Pour pouvoir accéder aux halls des arrivées et des départs, les voyageurs et leurs bagages doivent passer par des portiques de sécurité, mais les portes de sortie ne sont, elles, contrôlées que par un garde, muni uniquement d'une batte, a constaté une journaliste de l'AFP.
C'est par l'une de ces portes de sortie que l'un des kamikazes a pu pénétrer à l'intérieur du bâtiment avant de se faire exploser, ont rapporté plusieurs témoins sur place, tandis qu'un garde de l'aéroport a assuré que le "terroriste est passé par les portiques de sécurité en tirant sur les gardes".
"Les terroristes portaient de gros manteaux noirs dans lesquels ils cachaient leurs armes, alors qu'il faisait très chaud", raconte Akin Duman, chauffeur de taxi d'une cinquantaine d'années. "C'est à cause de leur tenue qu'ils ont été repérés". Le Premier ministre Binali Yildirim avait affirmé que les kamikazes avaient caché leurs armes dans des valises.
- 'A l'image de la Turquie' -
Nazife Yurtcü, une jeune Turque résidant en Allemagne est arrivée jeudi à Istanbul pour rendre visite à sa famille, malgré les craintes qu'elle a sur la sécurité. "Sachant que des kamikazes ont pu pénétrer à l'intérieur de l'aéroport avec des armes et des bombes, j'aurais été rassurée de voir plus de policiers aux entrées et sorties", dit-elle.
Le Premier ministre avait assuré après les attentats de mardi que la "présence de personnel entraîné" serait "accrue" dans les aéroports du pays.
"Il n'y aura pas davantage de mesures de sécurité", soupire un garde de sécurité qui était de service au moment de l'attentat à Atatük, 3e aéroport d'Europe. "Rien n'a changé et rien ne changera".
"Ce qui s'est passé est à l'image de la Turquie", dit-il sous couvert de l'anonymat, en jetant des regards méfiants autour de lui. "On nous a donné l'ordre de ne pas parler aux journalistes", chuchote-t-il, sans donner plus de précisions.
Derrière une vitre brisée, un employé kurde d'une agence de location de voiture semble moins embarrassé de témoigner. "Je m'étais absenté quelques heures pour rompre le jeûne (du ramadan) quand les explosions se sont produites.
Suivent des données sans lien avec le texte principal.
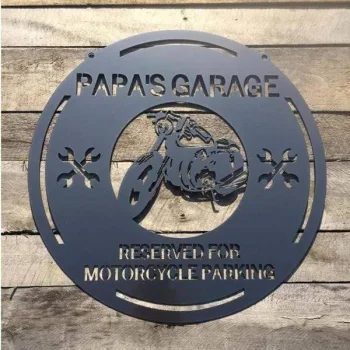 Personalized Garage Motorcycle Sign, Cut Metal Sign, Metal Wall Art, Metal House Sign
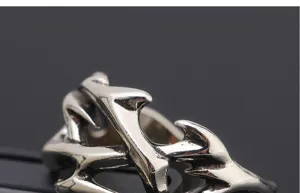 Vintage silver thorn ring for men punk gothic adjustable open finger jewelry fashion accessory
Dieu m'a sauvé", affirme ce trentenaire qui dit ne pas faire confiance au gouvernement.
"Il n'est de secret pour personne que l'AKP (Parti de la justice et du développement du président Recep Tayyip Erdogan) préfère concentrer ses efforts sur la lutte contre les Kurdes plutôt que de s'attaquer aux vrais terroristes", déplore-t-il.
"Ce n'est pas la sécurité qui est défaillante, c'est le gouvernement", soutient l'employé de l'agence. "C'est sa politique extérieure, entre son soutien non déclaré aux jihadistes de l'EI et son rapprochement avec la Russie et Israël qui nous vaut toutes ces attaques", soutient-il.
Plus loin, entouré de sa femme et de deux enfants en bas âge, un père de famille turc pousse un chariot avec plusieurs valises.
"Les attaques? La sécurité? Je n'ai pas le temps d'y penser, la vie continue, ici comme à Paris et en Belgique", dit-il avant de se diriger, le sourire un peu inquiet, vers la porte d'embarquement.